In the whole semantic layer, the above decision rules are just the tip of the iceberg. We combine the whole e-commerce scene, analyze a large number of design draft and online cases and summarize a large number of decision rules to help us rationalize semantic naming. Meanwhile, IN the semantic process, NLP analysis, image classification and recognition and other AI means are used. We will write relevant articles in the follow-up for you to carry out a specific introduction.

Of course, obtaining the node class name is only a preliminary achievement in the initial stage of semantization. In the future, we will continue to explore semantization to lay a solid foundation for the subsequent implementation of field logical binding.

5. Stage achievements

At present, the component layer, layer, processing layer, layout algorithm and the semantic layer of the four core modules we have already achieved breakthroughs, can already realize the analysis of the Sketch design draft, transforming it into a well structured, with semantic, can be secondary development code, preliminary realizes the design draft to refactor code reduction stage.

We have tested on a large number of e-commerce promotion design drafts, and the layout restoration degree can reach more than 90%, while the final output code availability rate can reach 80%. We have promoted the use of some internal businesses.

6. Future prospects

In the future, in the above core modules at the same time, we will join the online visual editor, allows developers to adjust the manual intervention in the generated code to, to get better code, at the same time we will also explore the join field binding and binding logic function, make the code can have the business logic and around to T3 Deco and the level of the engineer, Further improve the efficiency of production and research.

Deco is a seed, maybe it has just sprouting at this moment, but we have a lot of expectations for it.
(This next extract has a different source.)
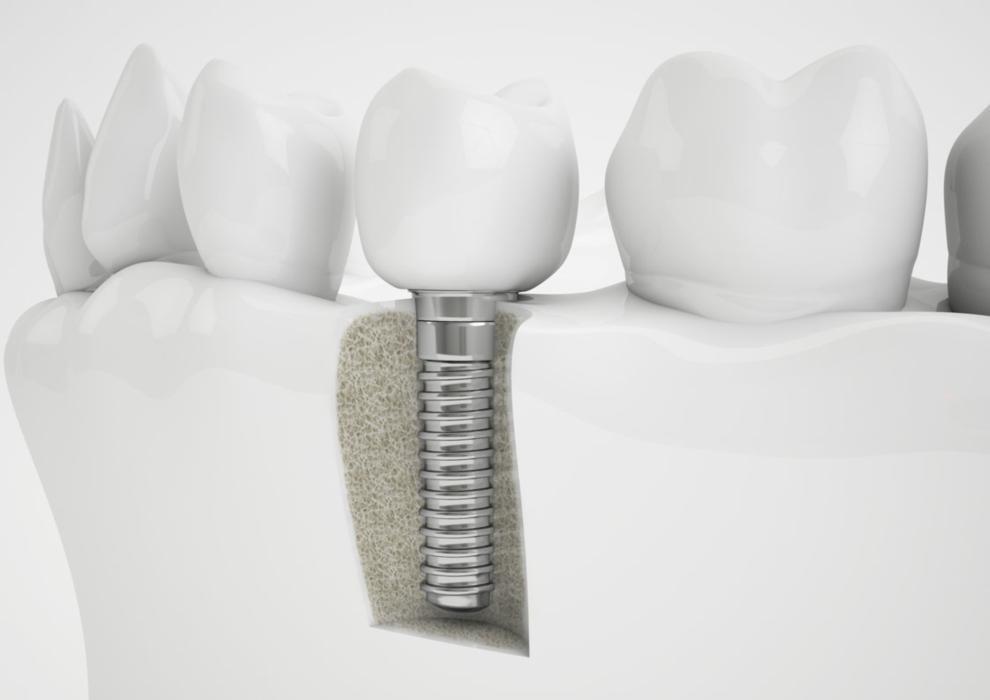 dental implants graphic in charlotte nc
We hope to explore the road of front-end intelligence through Deco, explore various possibilities of AI and front-end integration, and more importantly, we hope to open the efficiency revolution of production and research through Deco. In the various front-end engineering, platform, methodology tends to improve the present, explore another way to reduce cost and increase efficiency for business.

The future of Deco is worth looking forward to.